As regular CFZ-watchers will know, for some time Corinna has been doing a column for Animals & Men and a regular segment on On The Track... particularly about out-of-place birds and rare vagrants. There seem to be more and more bird stories from all over the world hitting the news these days so, to make room for them all - and to give them all equal and worthy coverage - she has set up this new blog to cover all things feathery and Fortean.

Monday, 20 August 2018

Abandoned farmlands enrich bird communities



Date: August 3, 2018
Source:  Hokkaido University

Agriculture and conversion of pristine lands into urban or industrial areas have exerted immense pressure on the natural biota due to habitat destruction and fragmentation in industrialized countries around the world. But since the 1900s, farmlands have been increasingly abandoned due to the decline in domestic agriculture and, in some countries, a decline in population. This yields an opportunity for abandoned farmlands to be used as rehabilitation zones for grassland, wetland, and forest animals. However, it has so far remained unclear how valuable for sustaining specific animal communities farmlands, abandoned farmlands, and natural habitats are relative to each other.

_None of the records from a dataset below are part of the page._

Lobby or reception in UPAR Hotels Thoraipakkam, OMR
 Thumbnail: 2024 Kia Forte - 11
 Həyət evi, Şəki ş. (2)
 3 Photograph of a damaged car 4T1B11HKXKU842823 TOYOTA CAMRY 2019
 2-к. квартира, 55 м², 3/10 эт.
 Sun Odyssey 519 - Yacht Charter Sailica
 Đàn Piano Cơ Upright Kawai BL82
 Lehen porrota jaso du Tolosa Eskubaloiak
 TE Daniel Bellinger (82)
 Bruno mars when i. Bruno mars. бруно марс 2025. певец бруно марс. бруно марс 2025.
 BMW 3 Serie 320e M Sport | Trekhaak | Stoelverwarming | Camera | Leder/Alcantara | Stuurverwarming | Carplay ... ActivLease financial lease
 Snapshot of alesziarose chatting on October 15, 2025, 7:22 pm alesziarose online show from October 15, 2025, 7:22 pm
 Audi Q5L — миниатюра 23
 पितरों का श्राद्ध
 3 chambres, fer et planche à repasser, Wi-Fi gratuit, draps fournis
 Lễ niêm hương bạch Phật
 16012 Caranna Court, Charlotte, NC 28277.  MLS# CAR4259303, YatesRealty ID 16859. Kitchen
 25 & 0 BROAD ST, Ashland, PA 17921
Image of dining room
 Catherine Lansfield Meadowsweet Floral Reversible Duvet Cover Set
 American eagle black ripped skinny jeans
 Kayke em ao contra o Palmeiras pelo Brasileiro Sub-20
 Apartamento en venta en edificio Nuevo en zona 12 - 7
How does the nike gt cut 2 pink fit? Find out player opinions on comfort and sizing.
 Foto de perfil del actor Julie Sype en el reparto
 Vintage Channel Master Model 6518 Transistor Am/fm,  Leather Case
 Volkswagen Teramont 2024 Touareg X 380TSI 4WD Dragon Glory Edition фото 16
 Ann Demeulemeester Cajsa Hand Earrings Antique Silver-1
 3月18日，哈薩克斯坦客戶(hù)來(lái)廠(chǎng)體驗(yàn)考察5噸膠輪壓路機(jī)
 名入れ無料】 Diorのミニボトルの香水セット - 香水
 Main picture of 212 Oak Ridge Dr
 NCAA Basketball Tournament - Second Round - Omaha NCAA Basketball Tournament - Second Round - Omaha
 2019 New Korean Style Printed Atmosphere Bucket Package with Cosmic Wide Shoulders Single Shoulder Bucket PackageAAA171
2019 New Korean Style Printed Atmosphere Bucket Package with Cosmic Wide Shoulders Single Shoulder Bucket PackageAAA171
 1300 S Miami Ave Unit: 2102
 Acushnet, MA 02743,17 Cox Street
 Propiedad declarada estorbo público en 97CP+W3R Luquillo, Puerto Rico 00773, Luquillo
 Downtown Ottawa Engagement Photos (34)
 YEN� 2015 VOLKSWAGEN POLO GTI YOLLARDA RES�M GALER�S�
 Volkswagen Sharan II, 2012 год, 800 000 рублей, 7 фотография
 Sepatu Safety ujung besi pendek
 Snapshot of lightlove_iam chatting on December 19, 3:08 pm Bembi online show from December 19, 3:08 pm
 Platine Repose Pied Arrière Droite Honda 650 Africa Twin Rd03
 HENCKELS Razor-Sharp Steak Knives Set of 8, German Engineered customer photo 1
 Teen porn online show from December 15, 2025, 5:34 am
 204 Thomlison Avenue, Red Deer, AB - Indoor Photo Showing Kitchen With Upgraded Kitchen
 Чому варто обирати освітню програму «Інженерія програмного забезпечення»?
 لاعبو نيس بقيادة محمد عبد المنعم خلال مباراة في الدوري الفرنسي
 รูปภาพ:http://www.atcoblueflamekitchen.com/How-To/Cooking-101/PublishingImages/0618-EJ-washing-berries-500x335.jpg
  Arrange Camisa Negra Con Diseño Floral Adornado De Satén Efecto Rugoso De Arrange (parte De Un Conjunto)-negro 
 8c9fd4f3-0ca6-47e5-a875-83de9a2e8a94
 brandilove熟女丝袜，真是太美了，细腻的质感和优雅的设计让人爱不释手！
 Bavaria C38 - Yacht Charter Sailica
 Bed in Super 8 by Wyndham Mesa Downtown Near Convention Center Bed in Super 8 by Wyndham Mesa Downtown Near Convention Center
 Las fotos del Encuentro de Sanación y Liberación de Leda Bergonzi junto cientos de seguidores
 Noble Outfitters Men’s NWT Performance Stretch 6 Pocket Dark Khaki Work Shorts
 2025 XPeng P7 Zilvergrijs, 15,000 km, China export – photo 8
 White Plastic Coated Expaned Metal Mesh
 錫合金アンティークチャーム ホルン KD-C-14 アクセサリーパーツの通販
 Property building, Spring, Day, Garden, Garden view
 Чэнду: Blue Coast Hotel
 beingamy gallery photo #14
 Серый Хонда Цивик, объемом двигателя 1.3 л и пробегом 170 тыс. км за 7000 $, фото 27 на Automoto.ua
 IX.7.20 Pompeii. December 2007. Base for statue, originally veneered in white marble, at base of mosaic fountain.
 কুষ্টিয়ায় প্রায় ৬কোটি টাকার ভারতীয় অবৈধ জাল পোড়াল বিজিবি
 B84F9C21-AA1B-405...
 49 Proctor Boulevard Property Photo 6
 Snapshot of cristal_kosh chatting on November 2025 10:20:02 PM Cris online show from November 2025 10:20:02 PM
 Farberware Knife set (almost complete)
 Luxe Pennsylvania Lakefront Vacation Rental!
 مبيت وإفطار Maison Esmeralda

Hokkaido University's Futoshi Nakamura and his collaborators including Yuichi Yamaura of Forestry and Forest Products Research Institute, published in the journal Agriculture, Ecosystems and Environment, studied bird species distribution over an area in central Hokkaido, Japan. The group then correlated abundance and species richness of different bird communities with different degrees of farmland abandonment and the landscape structure. Mapped back onto the landscape of the known composition, this allowed them to evaluate the potential to conserve different bird communities if existing farmlands in a given area were to be abandoned.